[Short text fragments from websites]
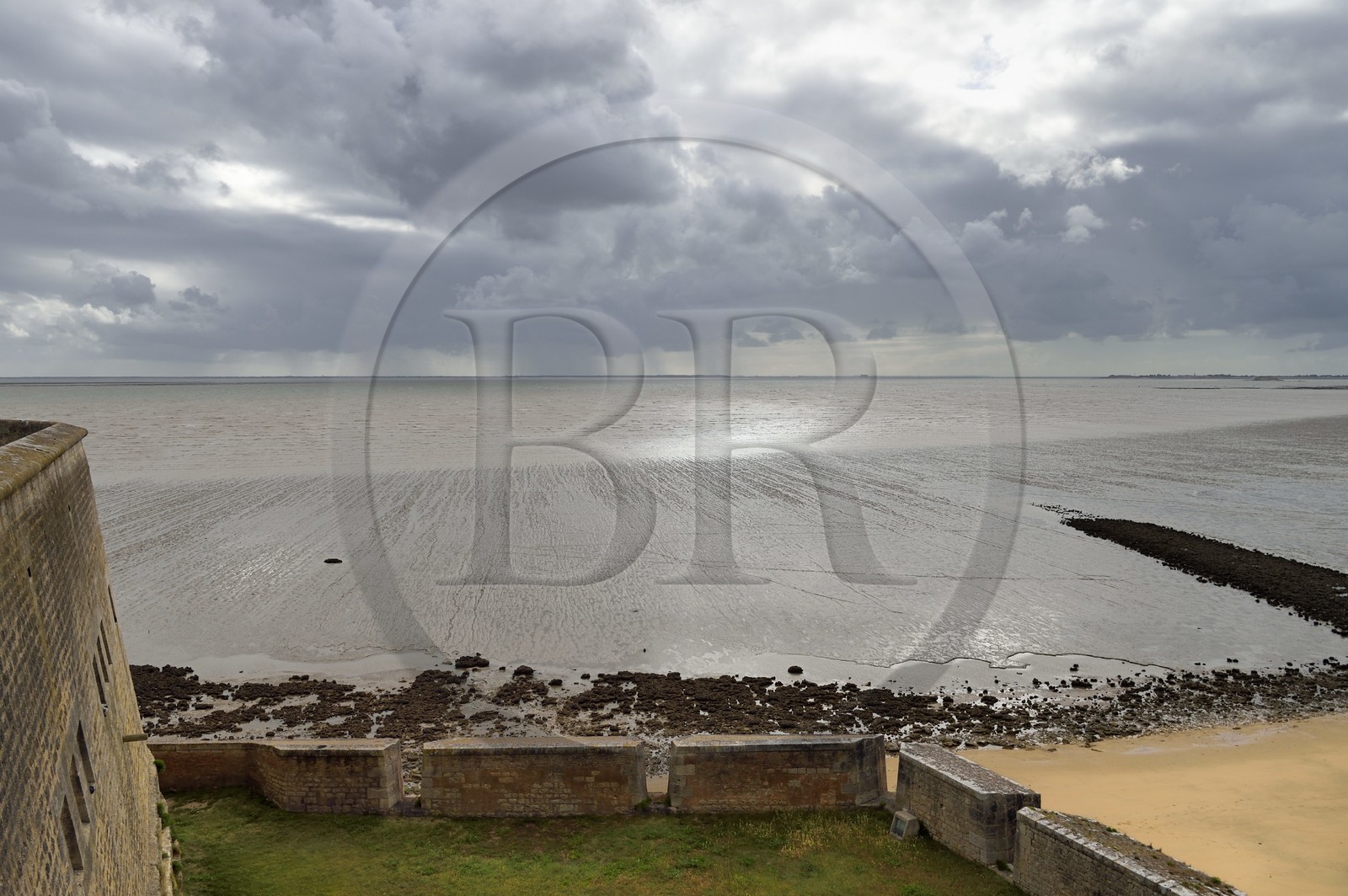 France, Charente-Maritime (17), Fouras, la plage au pied du fort de Fouras par temps couvert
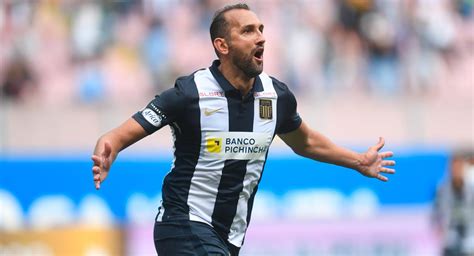 Hernán Barcos llegó a un acuerdo y renovará con Alianza Lima por todo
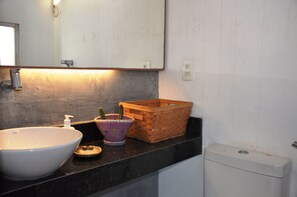 Apartment | Badezimmer | Hausschuhe, Handtücher, Seife, Toilettenpapier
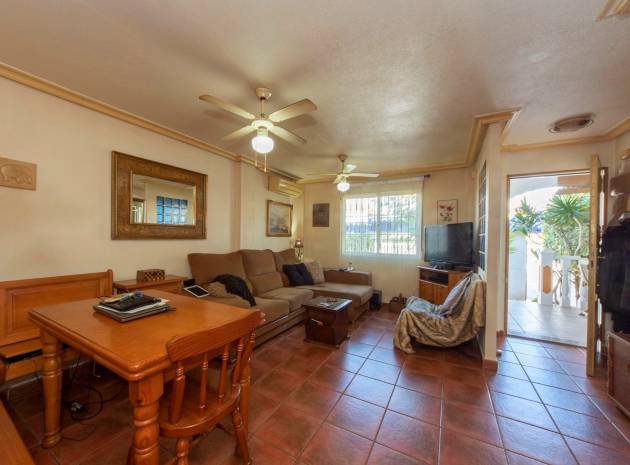 Resale - Townhouse - Playa Flamenca - las chismosas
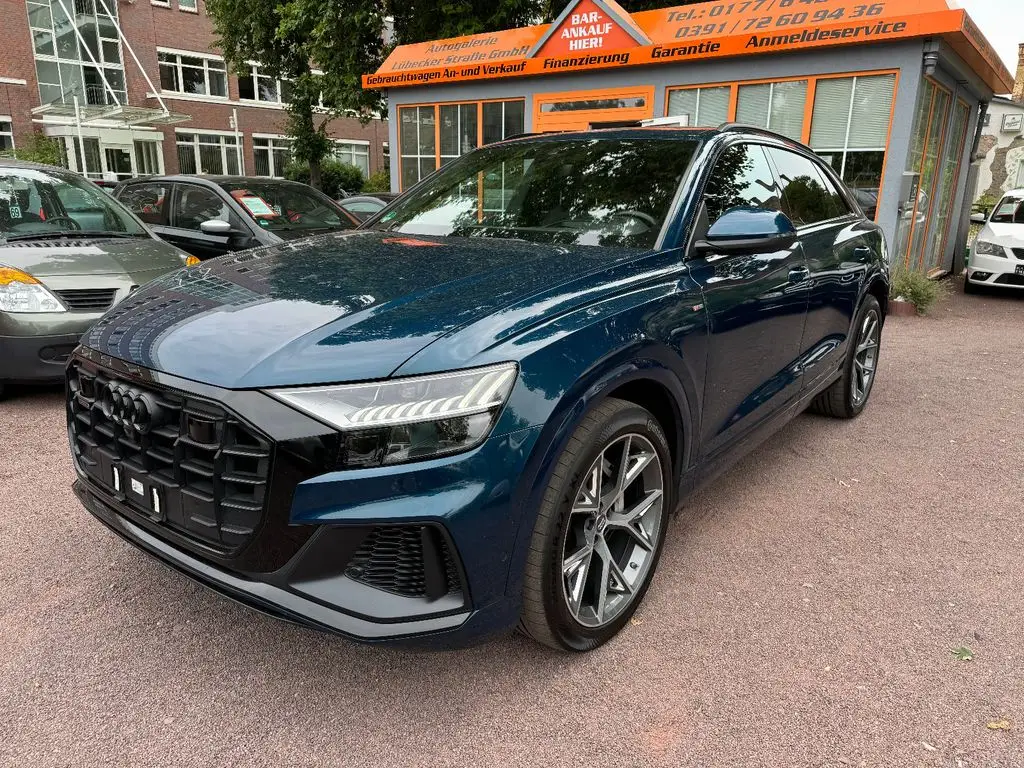 Photo 1 : Audi Q8 2018 Diesel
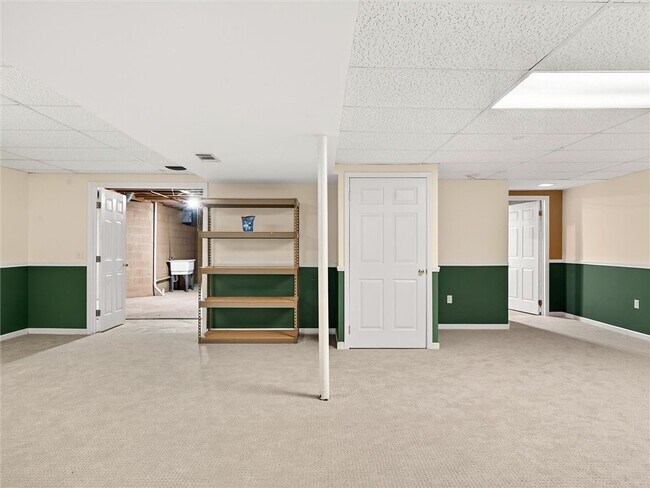 Building Photo - 9 Glen Valley Dr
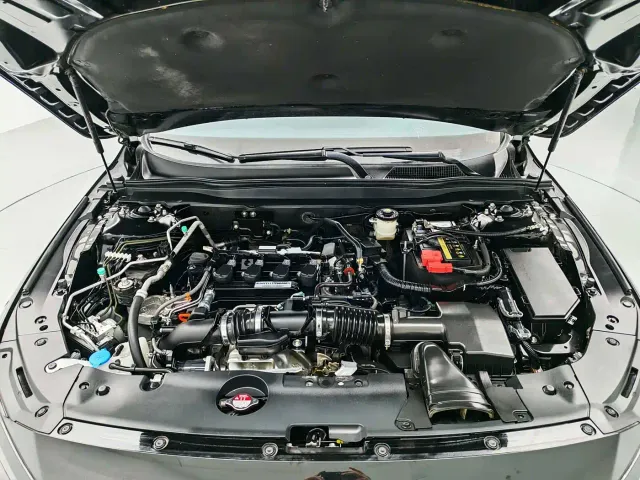 Honda Accord — Фото автомобиля 21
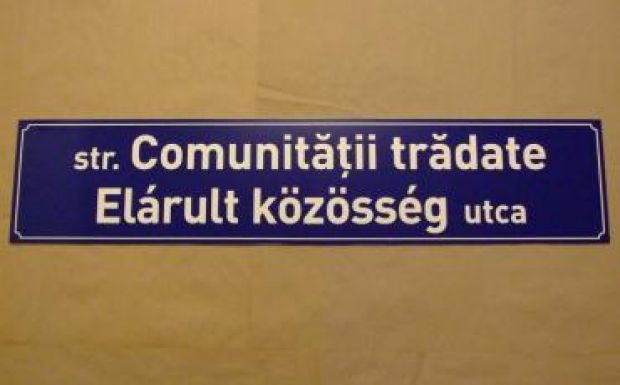 Karácsonyi ajándék Marosvásárhely elöljáróinak a gerillacsoporttól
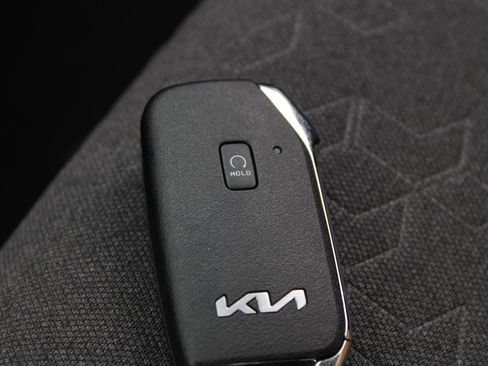 New 2026 Kia Seltos S image 15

■ The problem
Begin the copy at the line containing "Apartment | Badezimmer" and end it at the last line of the records; transcribe exactly and exclude pictures.

■ Task answer
 Apartment | Badezimmer | Hausschuhe, Handtücher, Seife, Toilettenpapier
 Resale - Townhouse - Playa Flamenca - las chismosas
 Photo 1 : Audi Q8 2018 Diesel
 Building Photo - 9 Glen Valley Dr
 Honda Accord — Фото автомобиля 21
 Karácsonyi ajándék Marosvásárhely elöljáróinak a gerillacsoporttól
 New 2026 Kia Seltos S image 15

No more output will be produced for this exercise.